About four years ago, I entered university with high hopes of mastering everything there is to know about data and the tools used to analyze it. My naivety, however, laid the foundation for a more conservative understanding of statistics.
In statistical hypothesis testing, a conservative test is less likely to reject the null hypothesis, making it less prone to identifying significant effects-or, more simply, interesting results.
Statistical hypothesis testing is just one part of the trio that constitutes statistical inference, alongside point estimation and confidence intervals. This trio has defined classical statistics for the past century. As I delved deeper into the field, I was gradually disillusioned to find that life as a data analyst was less about the grand theories and more about the practicalities—datasets, both old and new models, and the intriguing questions they posed. For instance, in the legal field, statistics are frequently used as evidence in trials.
However, these statistics are often presented by expert witnesses from other fields, like psychology or social sciences, or even by the lawyers themselves—not by statisticians. This has inevitably led to erroneous or, at the very least, incomplete presentations of statistical evidence in many U.S. court cases.
Another example is an interview with Robert Keller, the acting Director of the U.S. Census Bureau, during the 2023 Joint Statistical Meetings (JSM) convention in Ontario, Canada. Keller was asked what he could do to improve communication between the lower levels of the Bureau and its leadership, particularly regarding data collection concerns. The questioner, a subcontractor during the 2010 Census, recounted his experience: while working to locate uncounted individuals, he questioned what would happen if one of the laptops used in the process broke.
After raising his concerns, he was told, “We don’t tell the agency their plan is about to fail,” and his findings were suppressed. The question posed to Keller was how to create a more welcoming environment for those down the chain to voice concerns.
What I’m trying to convey is that as a data analyst, working on independent projects will be vastly different from working within an organization, where your experience will depend on its capabilities and goals. The variety of goals in data analytics is so broad that it’s impossible to master all statistical methodologies.
Depending on the organization, you might need to learn coding in C++, JavaScript, PowerBI, or Tableau. To students of statistics: Your responsibility isn’t to learn everything but to grasp just enough of a set of topics to become productive. Be prepared to learn new programming languages or methodologies as needed.
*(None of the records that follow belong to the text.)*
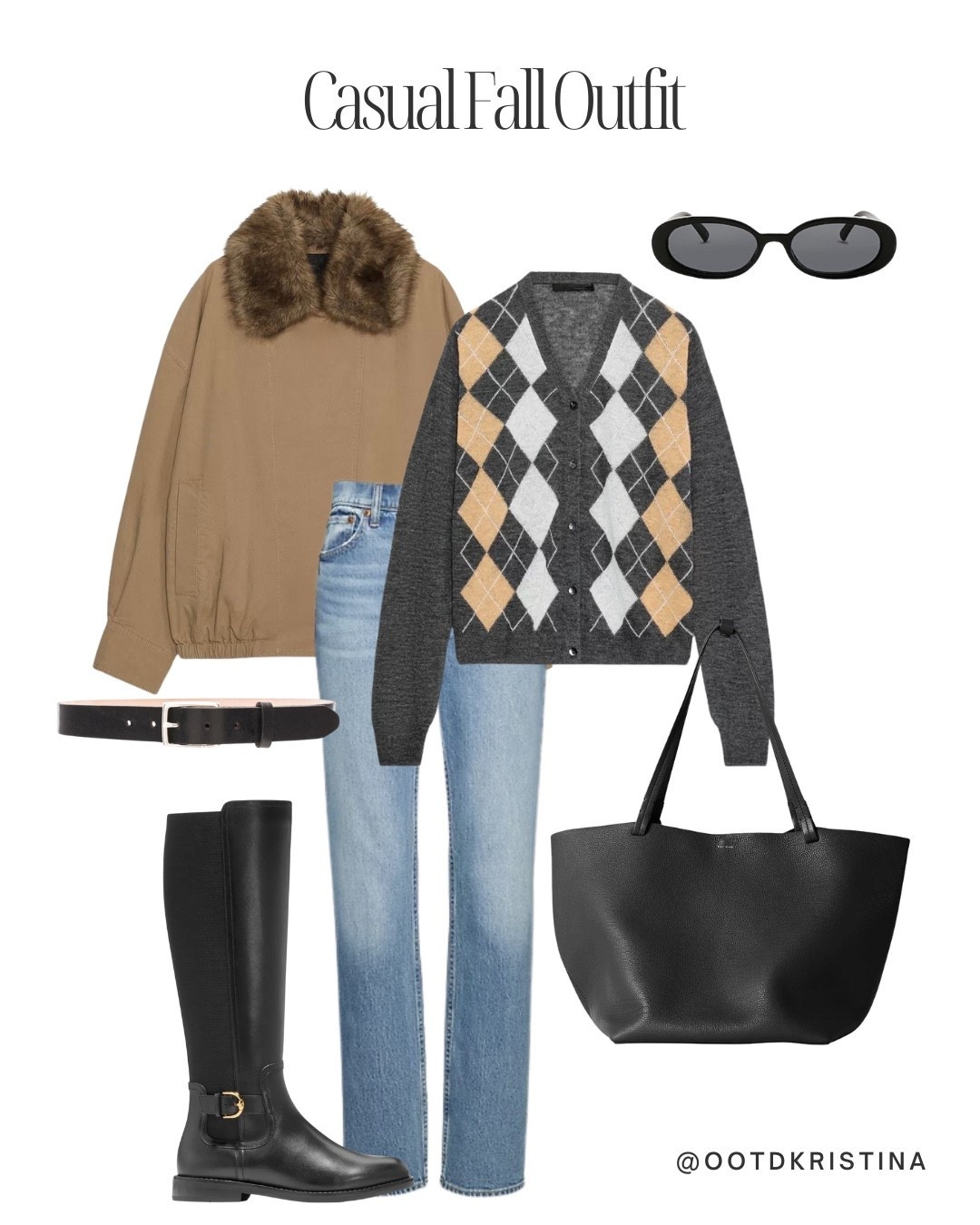 Casual fall outfit 
#falloutfit #jacket #sweater #argylesweater #cardigan #boots #ridingboots #jeans #skinyjeans #straightlegjeans #outfitideas 

#LTKFindsUnder100 #LTKFindsUnder50 #LTKFallSale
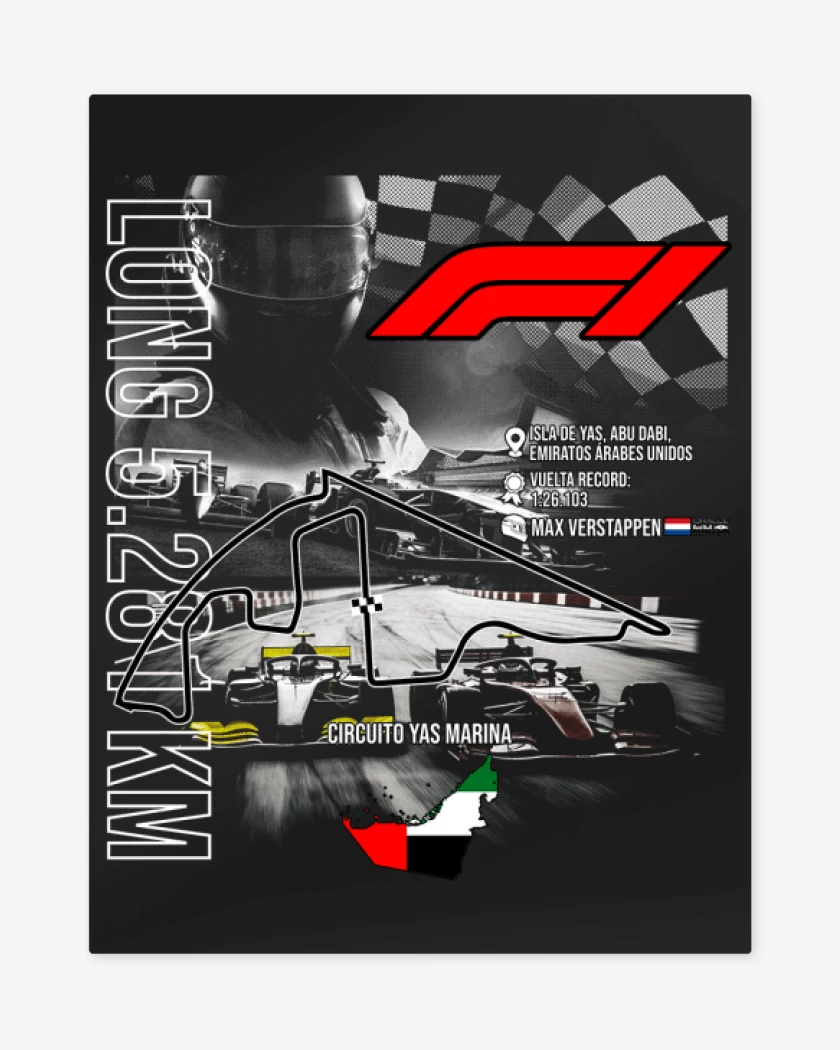 Print metalico Negro de F1 Circuito Yas Marina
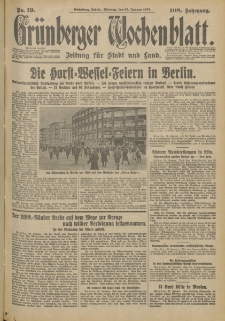 Grünberger Wochenblatt: Zeitung für Stadt und Land, No. 19. (23. Januar 1933)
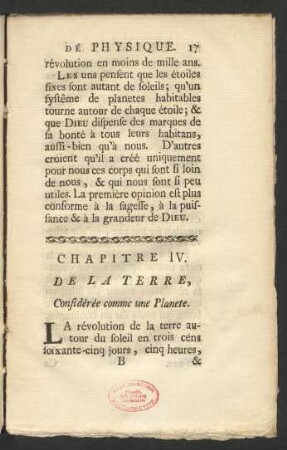 Chapitre IV. De La Terre, Considérée comme une Planete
You may never be fully equipped to understand the whole story with statistics, but you will always be capable of discovering something new by focusing at the task at hand. And that’s what the practice of statistics is ultimately about and what makes it so interesting. It requires creativity and resourcefulness. There is no perfect analysis and the best surveys you take are after you analyze the results of your previous survey. So just collect data and see where it takes you.
2. Find mentors
For the average college student, there is probably a small percentage of them who would say they have ‘a mentor’. But these people do not necessarily have to be people you know personally, just people who add perspective to how you should approach data analysis. Additionally, the mentors you should pick are ones that align with your interests, or at the very least, they can help you pursue your interests. For example if you want to be a good writer of statistics, you should probably be a good reader of statistics. If you want to be a good communicator of statistics, find people who can communicate statistics well, and mimic them.
A few names for me that come to mind are:
- Andrew Gelman - Colombia University (StatModelling Blog)
- David J. Hand - Imperial College London (Dark Data, The Improbability Principle)
- Nate Silver - Statistician and Political Analyst (The Signal and the Noise: The Art and Science of Prediction)
- Peter L. Bernstein - Historian and Economist (Against the Gods: The Remarkable Story of Risk)
The most important thing is learning from those who have more experience than you. Although the world is available online - it takes skills and experiences to determine what information is useful and what is not.
To most people, mentors are going to be the professors that you encounter during your educational years. This is the time to ask questions. These people have made mistakes, they have gone through love and loss, altogether they have cycled through many different jobs.
Most professors will be willing to answer any of your questions and then some after you take the steps to develop anything more than the typical superficial relationship they have their students. Showing them that you care about them and appreciate the efforts they put in a teachers go a long way. To me, showing kindness and respect has led to wonderful recommendation letters, and even recommondations to internships and jobs.